# MERM



## JoeysVee (Sep 4, 2009)

Ya know the more I study, and the more review courses I go to, the more I realize the MERM really sucks as a PE prep book and as an ME reference book. I know it's our only choice for a book that has everything in one cover but Lindeburg does a poor job with this book. Does anyone agree? The HVAC portion is just really lacking and could be much improved. The Machine Design/Mechanical Systems section is way out of wack....the order in which he presents things are all jumbled up. ie. shouldn't torsional stress come before combined stresses and not 2 chapters later. Why have a 1 page chapter on properties of solids bodies, ya know. His end-of the-chapter problems are not that great and some chapters do not have enough problems...ie. he only has 4 problems at the end of the failure theory chapter.
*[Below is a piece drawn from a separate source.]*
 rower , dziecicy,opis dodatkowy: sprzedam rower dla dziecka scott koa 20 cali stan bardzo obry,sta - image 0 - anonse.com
Of course I will continue to use it since it does have everything in one cover but I wish we had other options. All in all I wouldn't give this book a C-.

Oh well, I just thought I would vent for a minute, lol!


----------



## Sschell (Sep 4, 2009)

you make good points. but as you mentioned... what other choice do we have?
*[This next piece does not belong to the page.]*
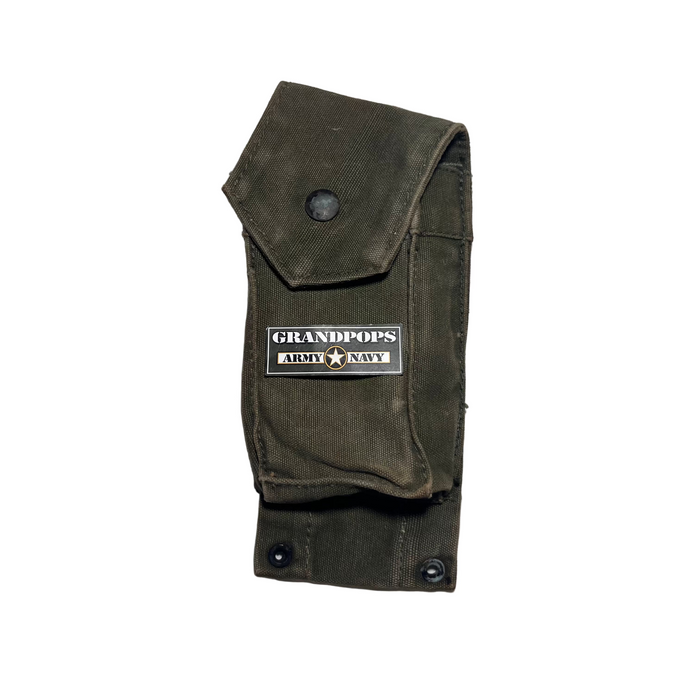 U.S. Vietnam War Original Canvas USMC M-1961 M14 Magazine Pouch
I think half the trick of the test is learning how to use MERM... then it is usefull as a general reference, until you forget how to use it. I pulled it off my shelf the other day for the first time in a long time, it took me forever to find a simple equation. not intuitive at all.


----------



## Sschell (Sep 4, 2009)

and the appendix sucks


----------



## MechGuy (Sep 4, 2009)

I agree, I hated the MERM when I was studying. You would see a problem in say chapter 23, but you wouldnt learn the equation for that problem until chapter 28! Bogus...
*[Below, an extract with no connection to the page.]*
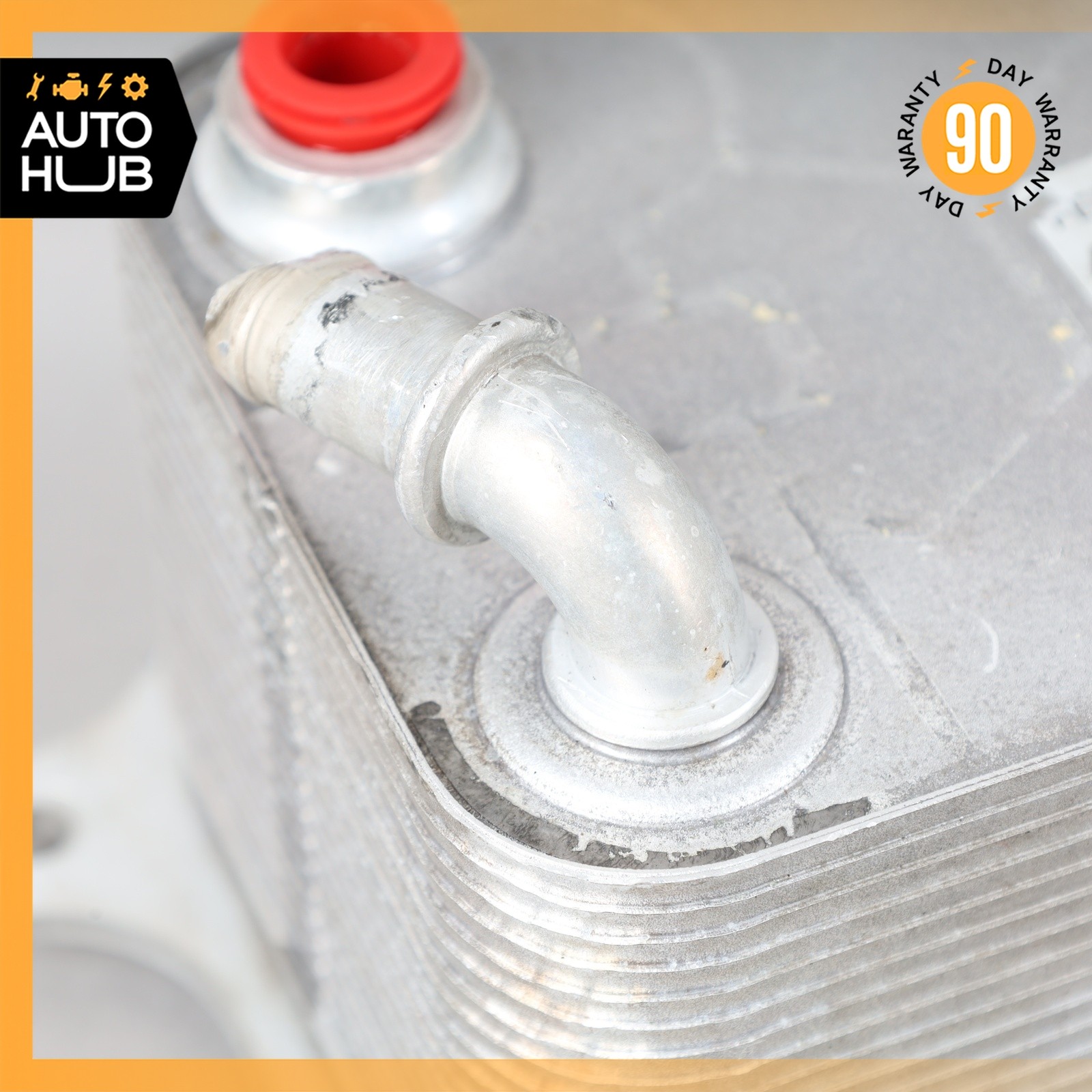 Maserati GranTurismo M145 Quattroporte M139 Transmission Oil Cooler OEM 66k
But alas, what can you do?


----------



## Bman (Sep 4, 2009)

I realize I'm getting a late start, but I'm just getting into the MERM (12th ed.) and I don't see any end of chapter problems. Am I missing something? I see example problems included in the text with solutions if that is what you are referring to, but no actual end of chapter problems..... For example, in the Failure Theories chapter that Joey mentioned, I have 5 example problems, but nothing else which doesn't seem to match up since he said he had 4 problems.....


----------



## JoeysVee (Sep 4, 2009)

I'm also using the 12th edition but we say end-of-the-chapter problems because up until the 12th edition the end-of-the-chapter problems were included in the MERM. Now (starting with the 12th ed) those problems are in a seperate book. See link below...

http://www.amazon.com/Practice-Problems-Me...9444&amp;sr=8-1

In this book he has problems associated with each chapter. He only has 4 problems to go with the failure theory chapter. So I was using old terminology. Sorry to confuse you.


----------



## Bman (Sep 4, 2009)

Phew, I was really starting to worry.... Thanks for the quick reply, I'll have to pick that up.


----------



## MikeR (Sep 6, 2009)

JoeysVee said:


> Ya know the more I study, and the more review courses I go to, the more I realize the MERM really sucks as a PE prep book and as an ME reference book. I know it's our only choice for a book that has everything in one cover but Lindeburg does a poor job with this book. Does anyone agree? The HVAC portion is just really lacking and could be much improved. The Machine Design/Mechanical Systems section is way out of wack....the order in which he presents things are all jumbled up. ie. shouldn't torsional stress come before combined stresses and not 2 chapters later. Why have a 1 page chapter on properties of solids bodies, ya know. His end-of the-chapter problems are not that great and some chapters do not have enough problems...ie. he only has 4 problems at the end of the failure theory chapter.
> Of course I will continue to use it since it does have everything in one cover but I wish we had other options. All in all I wouldn't give this book a C-.
> 
> Oh well, I just thought I would vent for a minute, lol!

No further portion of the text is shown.